Admitting defeat on the singer’s original idea of having a big, movie-styled premiere in a cinema for the album’s opening throw, the Belshazzar's Feast wheeze was a good way of making it an event in a world where events aren’t easy. And realising that being stuck thousands of miles apart meant they themselves couldn’t be in the video – Bruce is in London and Janick is in Newcastle, but Steve is in the Bahamas, Nicko in Florida, Dave in Hawaii, and Adrian is, Bruce reckons, somewhere in either America or the UK – the singer realised the solution was just the problem in different clothes.
Wanting “something epic that people would not expect us to do, because we haven't done a video that's worth talking about for a long time”, he hit upon the idea for what would become The Writing On The Wall’s animated featurette: take the actual band and the performance element out of the equation, and you can do literally anything else, and do it as big as you like.
“I said to Rod [Smallwood, Maiden manager], ‘Have you seen the video for Deutschland by Rammstein?’” Bruce explains. “That, to me, is a groundbreaking video. That's astonishing. Now, I'm not suggesting we do that, because we're not Rammstein. But think of what we could do that would have the equivalent impact for us. So, I wrote storyboard for the vid, tweaked it a little bit, and gave it a happy ending.

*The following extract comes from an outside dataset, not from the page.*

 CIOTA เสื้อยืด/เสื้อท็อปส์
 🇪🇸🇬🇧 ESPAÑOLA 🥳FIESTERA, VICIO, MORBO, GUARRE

Well, kind of a happy ending – Adam and Eve start again, but with Eddie going, ‘I'll still get you in the end.’”
Enlisting the work of animators Mark Andrews and Andrew Gordon – formerly of Pixar, both massive Maiden fans – the result, as you’ve seen, is killer. And as you’ve seen, it’s rammed with Maiden-related references – albums, songs, lyrics. Bruce reckons it’s possible to get into triple figures trying to catch them all, details that – like the video for Deutschland – insist on repeated viewings. But there was also one crucial thing missing: the reason why the main character ends up at the feast in the first place.
“There was always supposed to be an invite to the party [in the clip], but we discovered they'd forgotten about it,” says Bruce. “The production company were like, ‘Well, it doesn't have to be there, does it?’ Well, yes, it does. Without it, it doesn't make any sense. Like, why is this bloke in the desert? I hate to be obvious, but you do need to know that – it's the ‘once upon a time’ moment, it's the ‘in a galaxy far, far away’ bit.”
This is where the flyer came from. Inserted at the beginning so that they didn’t have to do too much re-editing, Bruce wanted something that looked “like a rave poster”, an invite to Belshazzar's Feast where the apocalyptic action goes turbo. And the whole thing snowballed into a guessing game right up to the point where the answer was finally revealed.